Run the main.py script with the required arguments to generate a study set from a PDF file.

python main.py [options]

Optional Arguments

  • --model: OpenAI model to use (default: gpt-4o-mini).
  • --output: Output CSV file name (default: study_set.csv).
  • --input: Input PDF file to process (required).
  • --in_dir: Input directory containing PDF files to process.
  • --out_dir: Output directory to save the study sets.
  • --chunk_size: Number of pages to process at once (default: 10).
  • --use_batch: Use OpenAI Batch API for processing.
  • --text_only: Extract text only, ignore images.
  • --language: Language for the study set (default: english).
  • --no_resume: Whether to resume processing from the last checkpoint. WARNING: If set and a progress file exists, it will be overwritten.

Examples

  1. Basic Usage

    Generate a study set from document.pdf using the default settings.

    python main.py --input document.pdf --output document.csv
  2. Specify Output File and Model

    Generate a study set from lecture_notes.pdf, using the gpt-4o model, and save the output to flashcards.csv.

    python main.py --model gpt-4o --output flashcards.csv --input lecture_notes.pdf
  3. Process Only Text Content

    Generate a study set ignoring images in the PDF.

    python main.py --text_only --input textbook.pdf --output textbook.csv
  4. Use Batch Processing

    Use OpenAI's Batch API to process the PDF (suitable for large PDFs. Reduces cost by ~50% but may take longer).

    python main.py --use_batch --input large_document.pdf --output large_document.csv
  5. Specify Language

    Generate a study set in Spanish.

    python main.py --language spanish --input notas_de_clase.pdf --output notas_de_clase.csv

Customization

Modifying the Prompt

The system prompt used by the OpenAI API can be customized to change how study cards are generated.

  • Prompt File: ./storage/prompt.txt

    Edit this file to modify the prompt. The placeholder [LANGUAGE] in the prompt will be replaced with the language specified via the --language argument.

Modifying the Schema

The JSON schema defines the expected structure of the API responses.

  • Schema File: ./storage/schema.json

    Edit this file to change the schema if you need the responses in a different format.

Logging

The application uses logging to provide information about its operation.

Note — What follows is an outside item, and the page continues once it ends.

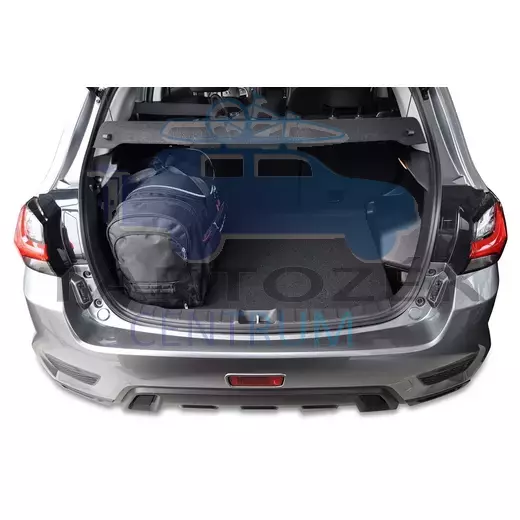 Kjust utazótáska szett Mitsubishi Asx 2010+, 4 darab táskával (7029016) Kjust utazótáska szett Mitsubishi Asx 2010+, 4 darab táskával (7029016)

  • Log Output: The application outputs logs to the console. You can modify the logging configuration in src/utils/logging.py if you need to change log levels or output formats.

Error Handling

  • Resume Processing: If the processing is interrupted, the application can resume from where it left off using the progress saved in progress.json.
  • Progress File: The file progress.json is used to keep track of progress. It can be deleted to start processing from the beginning.
  • Batch Processing Errors: If a batch job fails or is still in progress, an error message will be logged.

Dependencies

All required Python packages are listed in requirements.txt. Install them using:

pip install -r requirements.txt

Notes

  • API Usage: Be mindful of your OpenAI API usage and billing.
  • Supported Models: Ensure that the model you specify (e.g., gpt-4) is available to your OpenAI account.

Contributing

Contributions are welcome! Please open an issue or submit a pull request for any bugs or feature requests.

License

This project is licensed under the MIT License.